Le film d'Asif Kapadia nous rappelle la tristesse infinie d'une vie gâchée. Par les excès de toutes sortes, la traque insatiable des médias, l'appât du gain de son entourage.

«C'est un film sur le monde qui nous entoure, notre époque, l'appétit des médias pour la célébrité, les médias sociaux, les paparazzi et la souffrance d'une jeune femme ordinaire au talent exceptionnel», dit le cinéaste de 43 ans.

On en sort ému, ébranlé et choqué. C'était l'intention d'Asif Kapadia. «Pour être bien franc, dit-il, j'avais envie que les gens ne se sentent pas seulement tristes en sortant du film, mais en colère. J'ai envie que les choses changent. Que l'on apprenne de nos erreurs. Amy Winehouse a été la victime d'une campagne d'intimidation internationale, sur l'internet, dans les réseaux sociaux, de la part d'animateurs et d'humoristes très populaires.

«Elle était en détresse. Elle était malade. Et nous nous moquions d'elle. On a oublié qu'elle était un être humain. Nous sommes plusieurs à avoir été complices de sa mort.»

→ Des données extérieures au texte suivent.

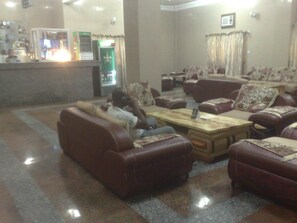 Lobby-lounge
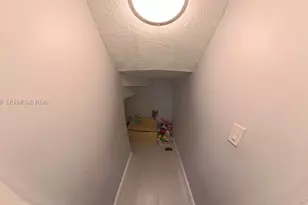 9441 NW 15th St, Pembroke Pines, FL 33024 - Photo 17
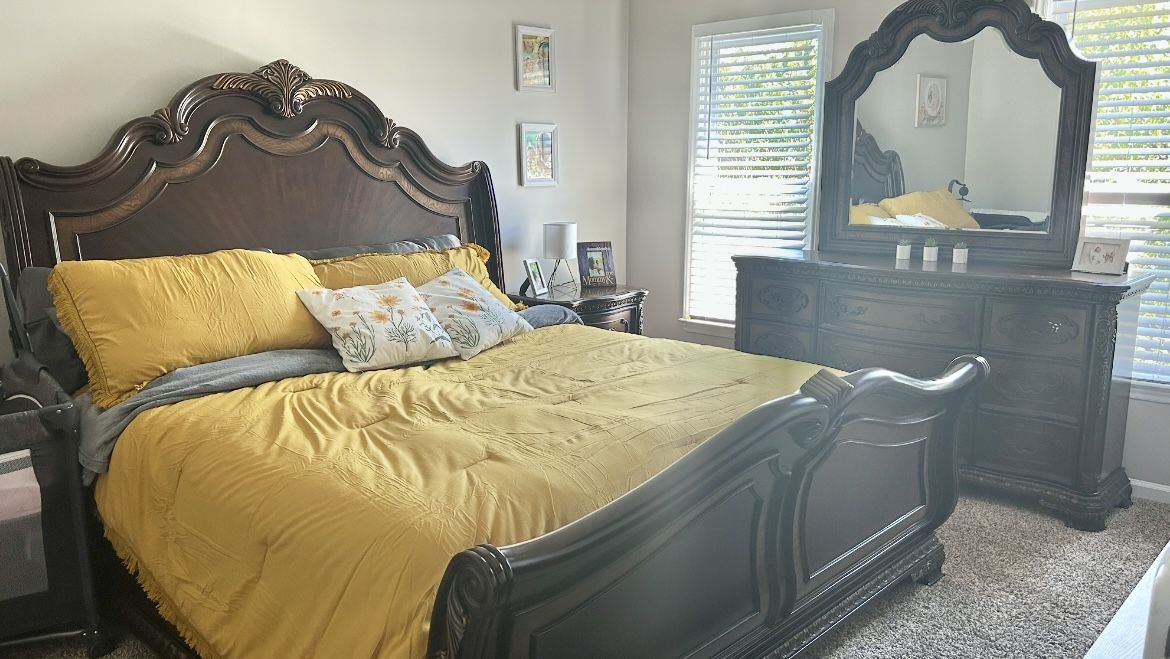 King Bed With Adjustable Base And Twin XL mattresses !!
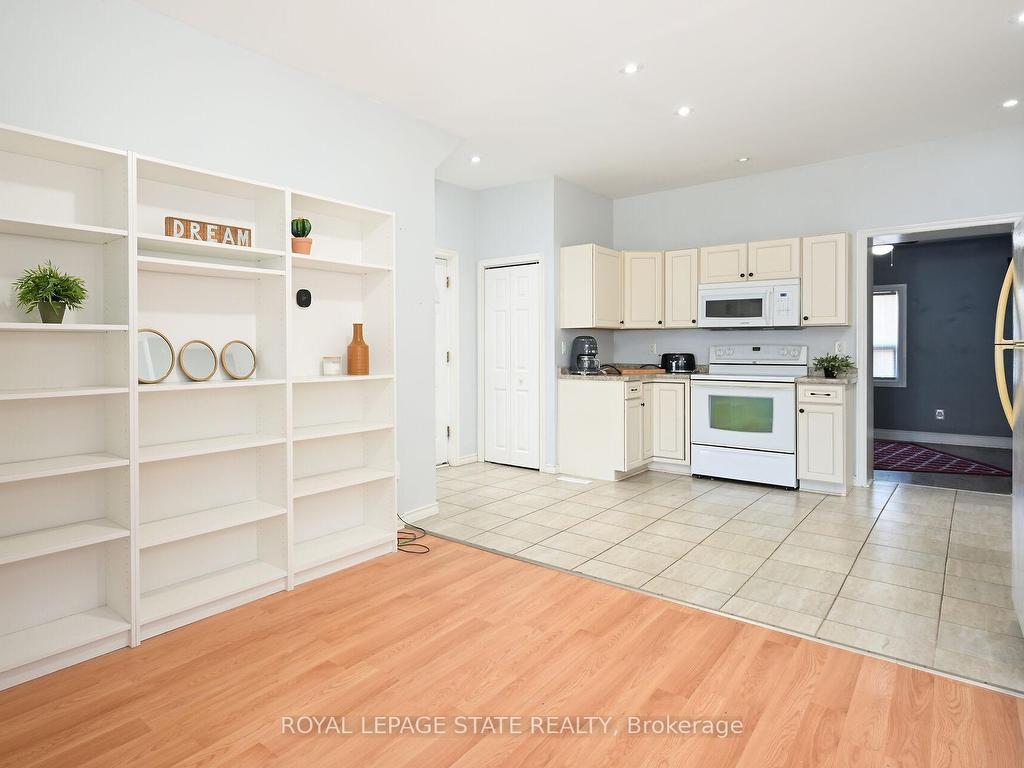 









200


Kensington

Avenue North,
Hamilton,




ON
L8L 7N7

Alors que la presse anglo-saxonne a unanimement plébiscité son documentaire au Festival de Cannes - le Guardian de Londres lui a accordé cinq étoiles -, Asif Kapadia a été critiqué en France pour l'utilisation des images mêmes de paparazzi qu'il dénonce. Il s'agit, dit-il, d'un choix délibéré et pleinement conscient.

«Amy était une performeuse, qui aimait attirer l'attention. J'étais fasciné par son rapport à la caméra et sa relation avec les médias. Elle communiquait avec son public en fixant l'objectif. Mais les caméras des paparazzi se sont retournées contre elle. Pendant tout ce temps, elle nous regardait et nous la regardions.»